» Stored data
-- -- --

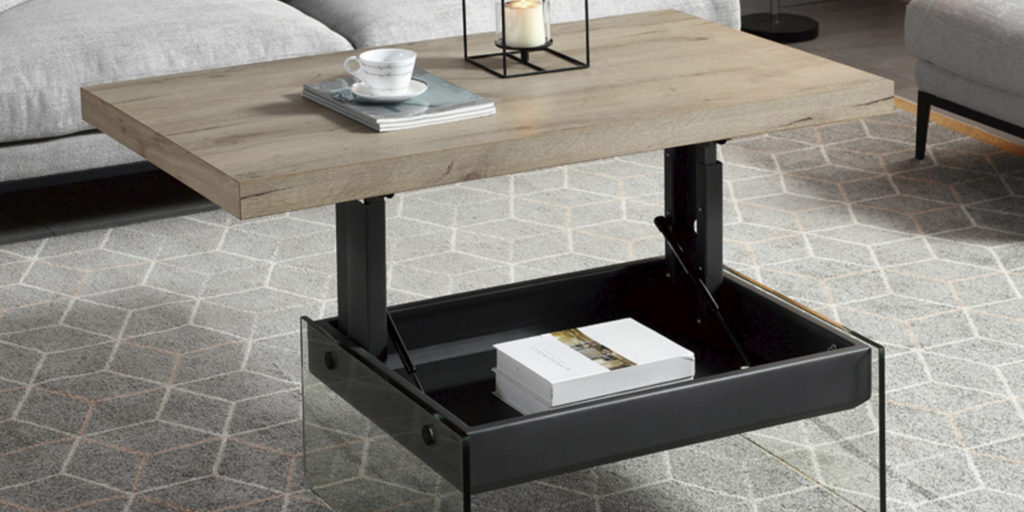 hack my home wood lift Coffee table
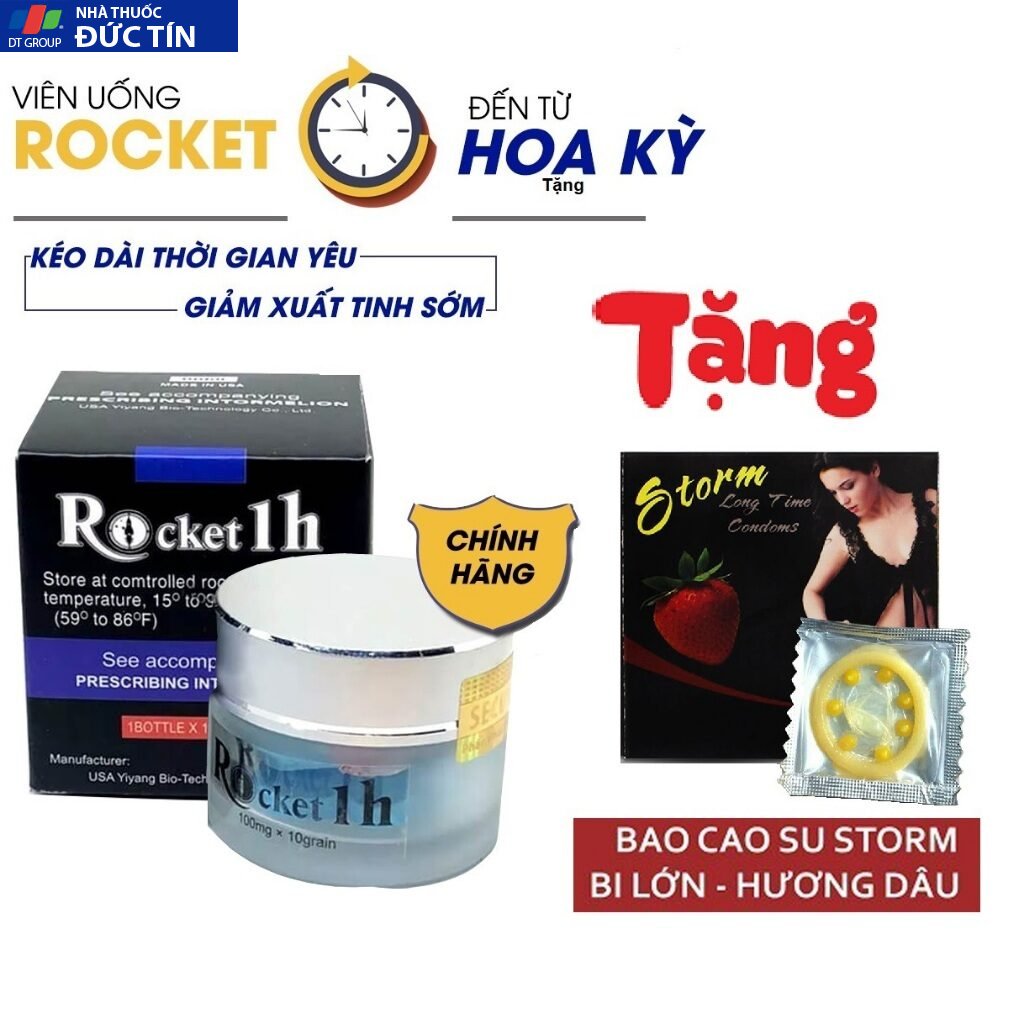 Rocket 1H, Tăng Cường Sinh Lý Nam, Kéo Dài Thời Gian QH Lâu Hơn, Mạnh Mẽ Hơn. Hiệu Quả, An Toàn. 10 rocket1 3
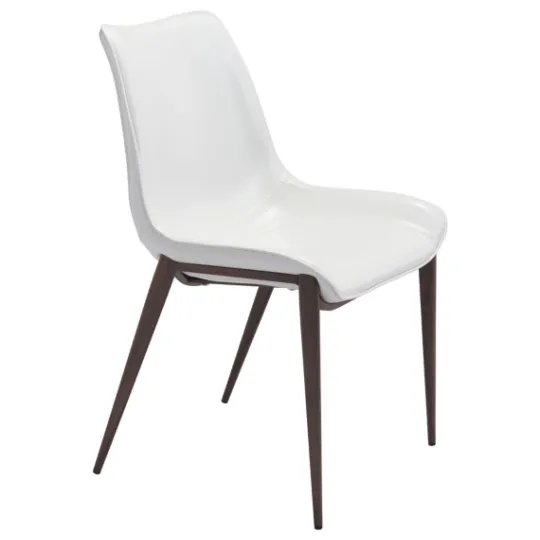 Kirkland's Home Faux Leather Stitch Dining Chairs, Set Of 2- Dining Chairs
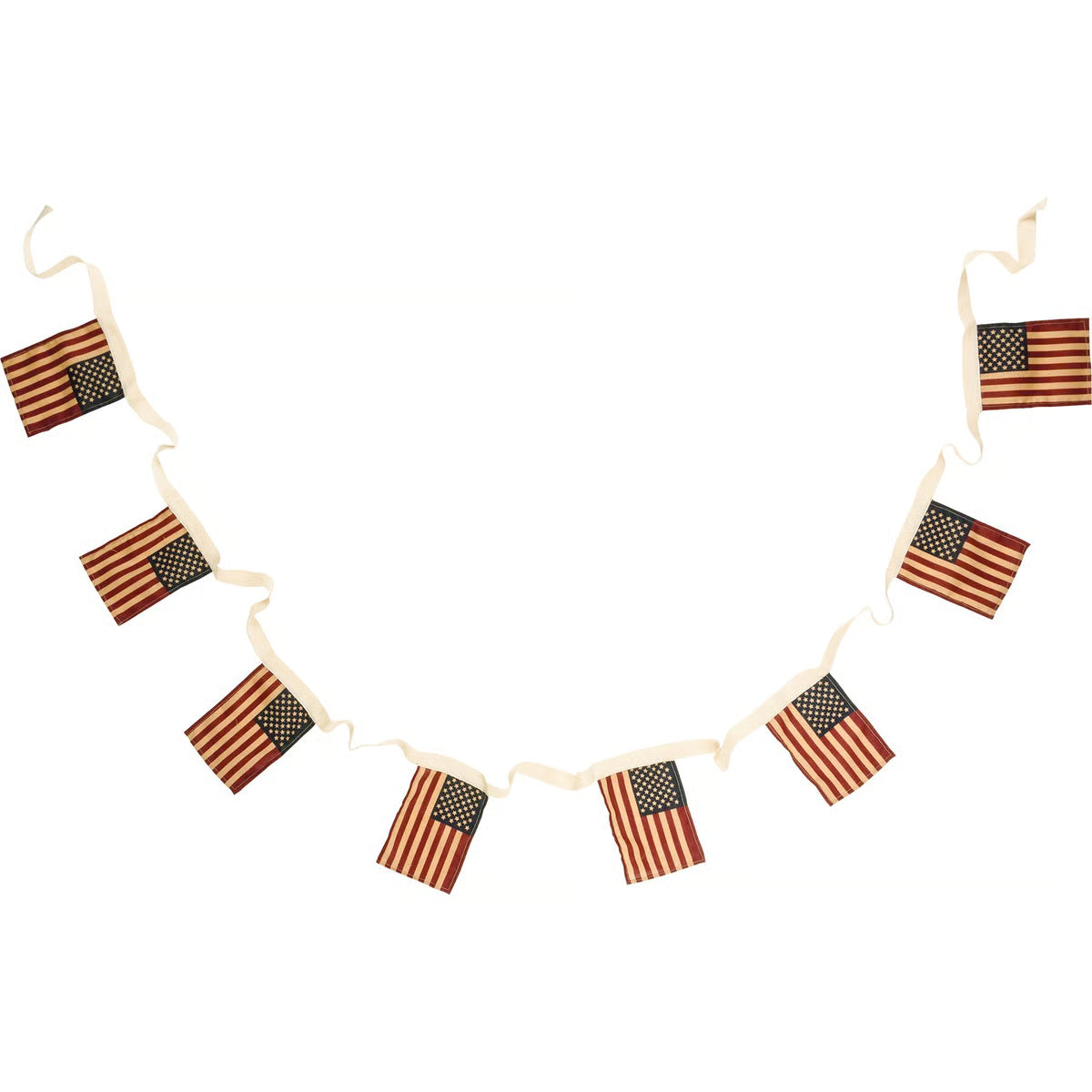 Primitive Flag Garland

-- -- --

» Problem requirements
Please repeat the listing precisely, excluding the pictures it contains.

» Your response
 hack my home wood lift Coffee table
 Rocket 1H, Tăng Cường Sinh Lý Nam, Kéo Dài Thời Gian QH Lâu Hơn, Mạnh Mẽ Hơn. Hiệu Quả, An Toàn. 10 rocket1 3
 Kirkland's Home Faux Leather Stitch Dining Chairs, Set Of 2- Dining Chairs
 Primitive Flag Garland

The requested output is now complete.